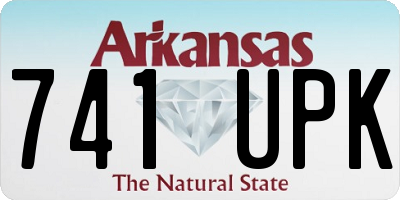 AR license plate 741UPK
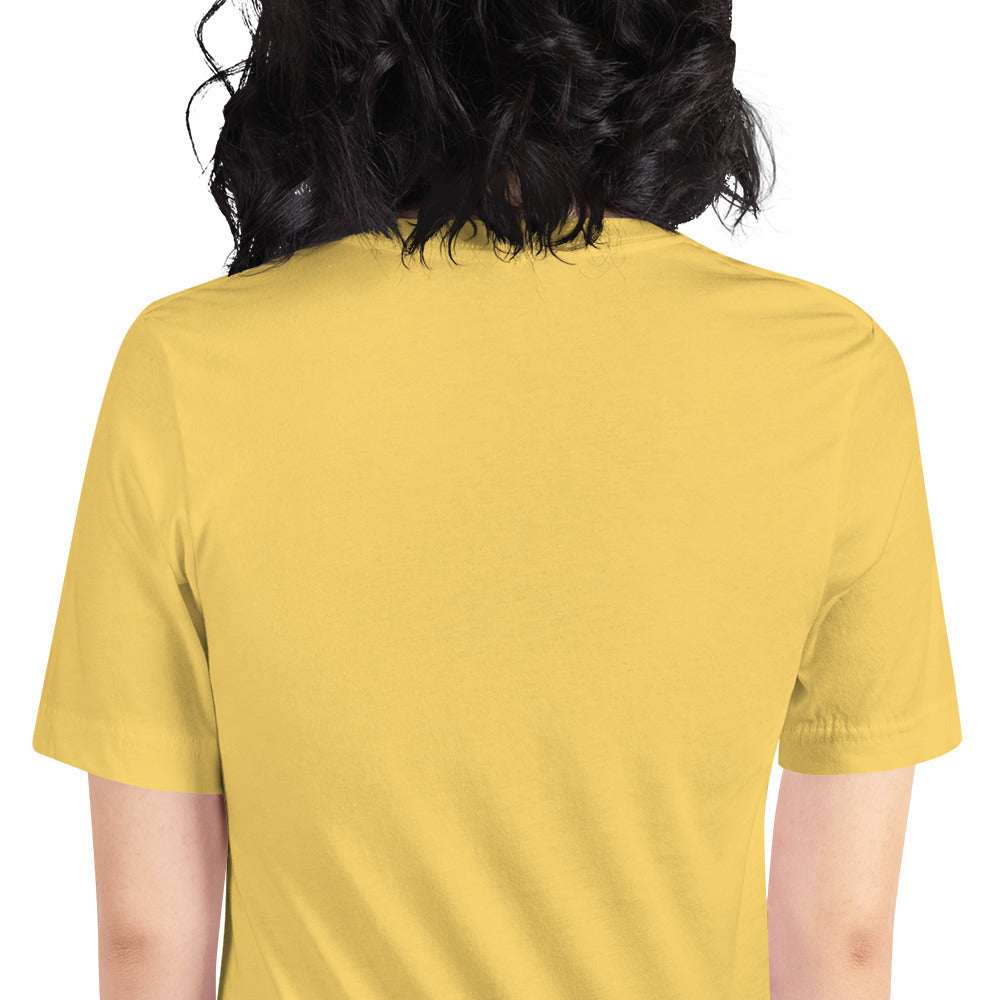 Heeled Unisex t-shirt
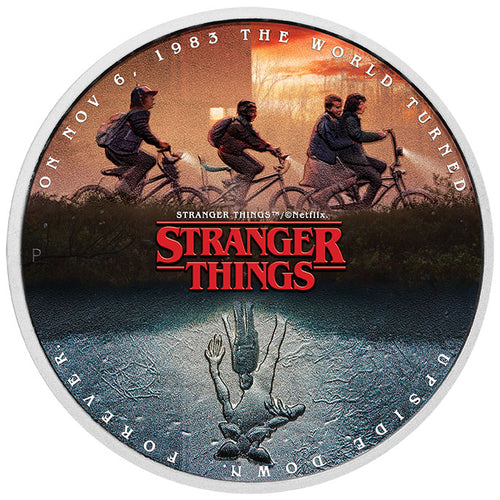 2026 Tuvalu $1 Stranger Things - The Upside Down 1oz Silver Coin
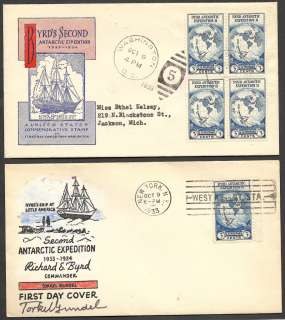 733 2 ANTARCTIC EXPEDITION FIRST DAY COVERS  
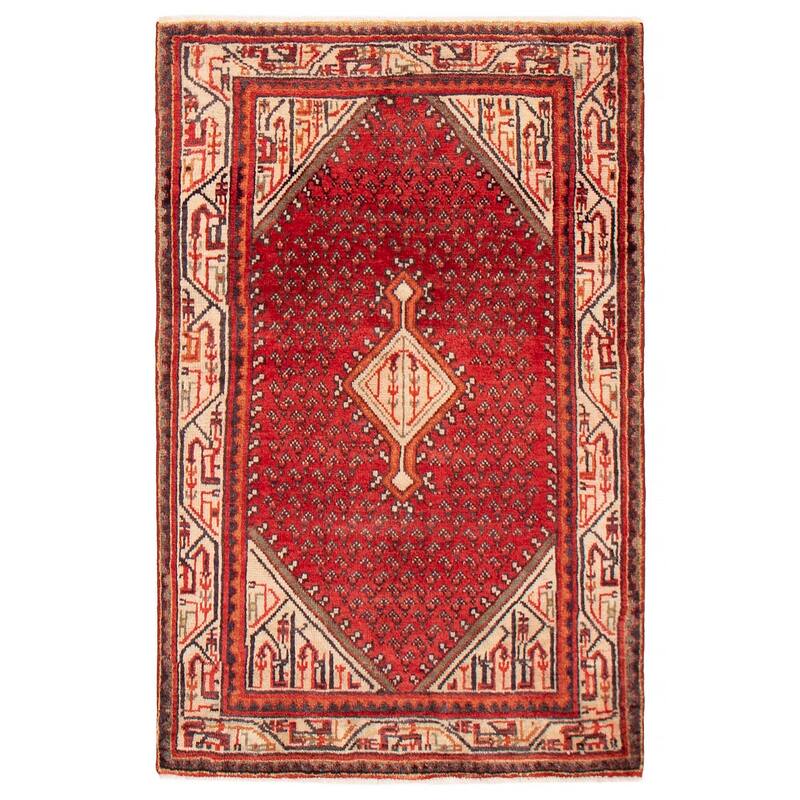 ECARPETGALLERY Hand-knotted Andelz Copper Wool Rug - 3'5 x 5'2 - Dark Copper - 3'5 x 5'2
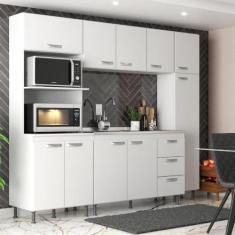 Cozinha Modulada 4 Peças Ipanema Evidência Móveis, Branco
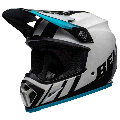 Casque Bell mx-9 mips dash blanc/noir/bleu | Oxmoto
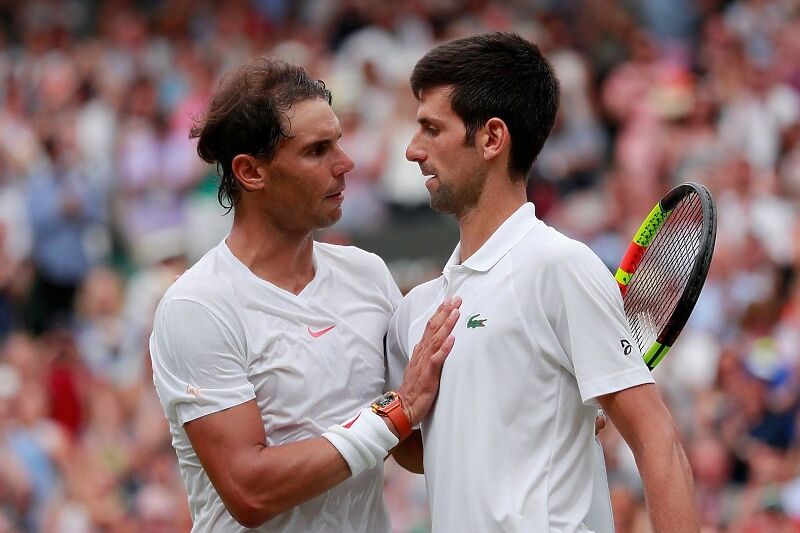 Rafael Nadal i Novak Đoković (Foto: Twitter)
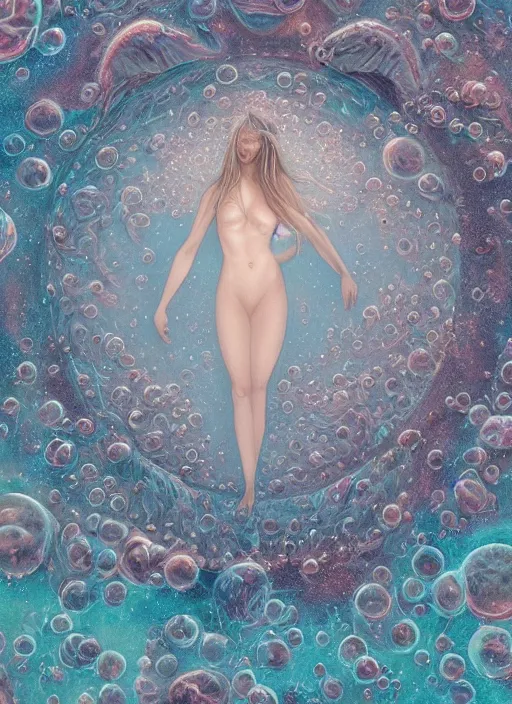 Prompt: collection of beautiful celestial females exposed in cryo chamers by James Jean, intricate, elegant, highly detailed, centered, digital painting, artstation, concept art, smooth, sharp focus, illustration, at the Salar De Uyuni, Hexagonal formations on the surface of salt crystallization, combined between sedimentary deposits, bubbling geysers, interstellar night reflection of the sky, intricate, elegant, luxurious, digital painting, concept art, smooth, sharp focus, from Star Trek 2021, illustration, by WLOP and Ruan Jia and Mandy Jurgens and William-Adolphe Bouguereau, Artgerm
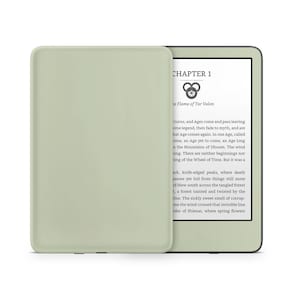 Matchagroen Kindle-skin, salie-pastelgroen zacht esthetisch, natuurlijke serie, Amazon Kindle-kleur zacht papierwit stickeromslag e-reader 3 m vinyl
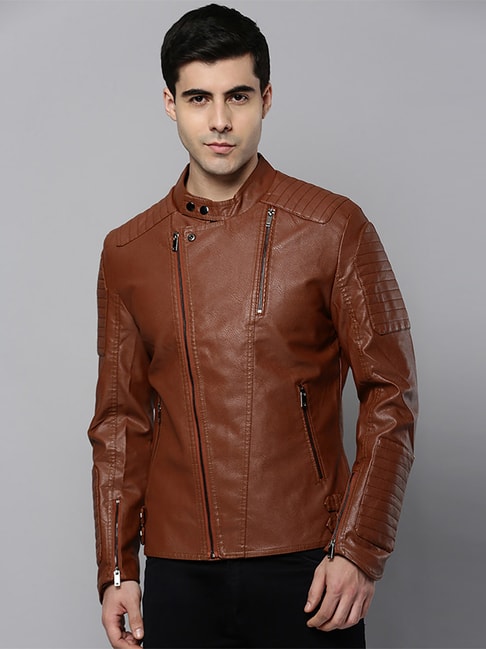 Buy SHOWOFF Tan Comfort Fit Jacket for Mens Online @ Tata CLiQ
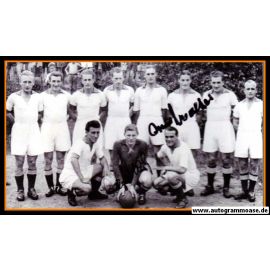 Mannschaftsfoto Fussball | 1. FC Kaiserslautern | 1948 + 2 AG (HÖLZ + O. WALTER)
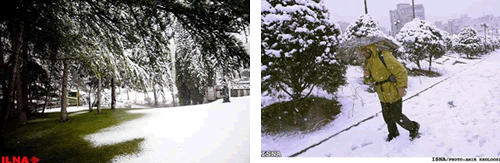 season’s first snow in Tehran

---*---

> **Task brief**: Only the lines from the line containing "Matchagroen Kindle-skin, salie-pastelgroen" through the last line of the entries above should be reproduced, word for word and without pictures.

> **Task output**:
 Matchagroen Kindle-skin, salie-pastelgroen zacht esthetisch, natuurlijke serie, Amazon Kindle-kleur zacht papierwit stickeromslag e-reader 3 m vinyl
 Buy SHOWOFF Tan Comfort Fit Jacket for Mens Online @ Tata CLiQ
 Mannschaftsfoto Fussball | 1. FC Kaiserslautern | 1948 + 2 AG (HÖLZ + O. WALTER)
 season’s first snow in Tehran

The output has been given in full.